___ DATASET EXCERPT

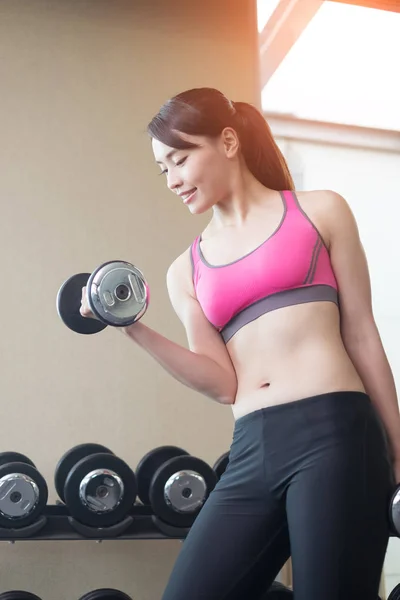 Woman with dumbbell training — Stock Photo, Image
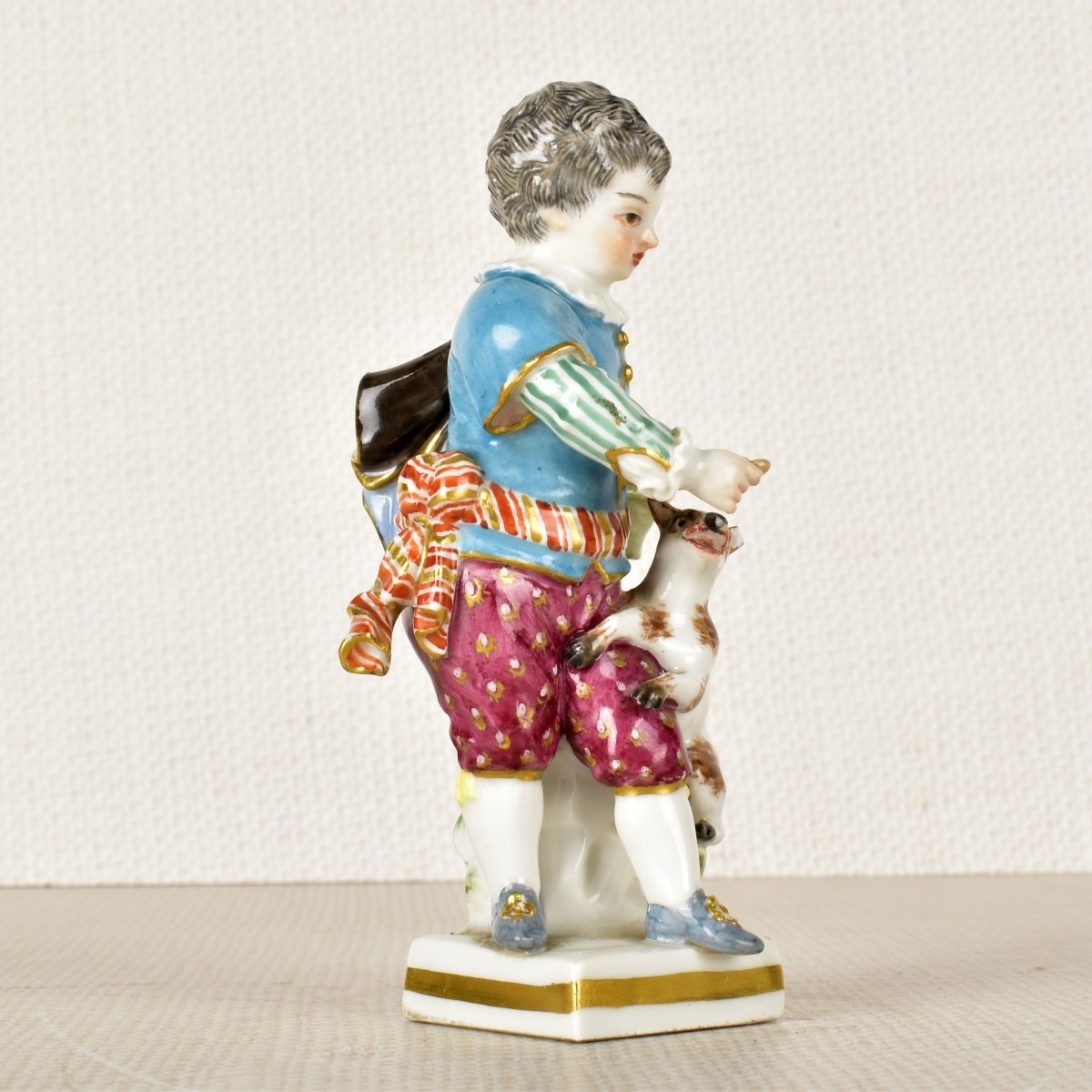 Meissen Porcelain Figurine of a Young Boy and Dog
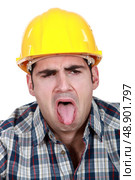 Construction worker with his tongue out. Стоковое фото, агентство Ingram Publishing / Фотобанк Лори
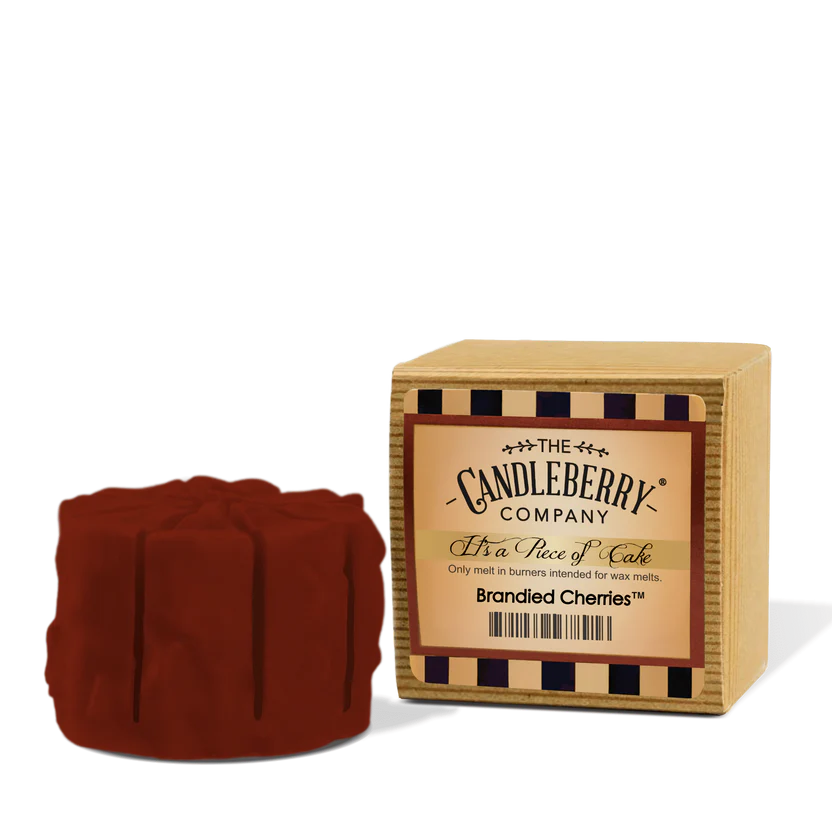 A wax melt cube beside its packaging box, which is red and has 'Candleberry' written on it.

______

ASSIGNED TASK: All lines from the one containing "Meissen Porcelain Figurine" through the end of the data are to be written out exactly, with nothing added; skip the pictures.

WRITTEN RESPONSE:
 Meissen Porcelain Figurine of a Young Boy and Dog
 Construction worker with his tongue out. Стоковое фото, агентство Ingram Publishing / Фотобанк Лори
 A wax melt cube beside its packaging box, which is red and has 'Candleberry' written on it.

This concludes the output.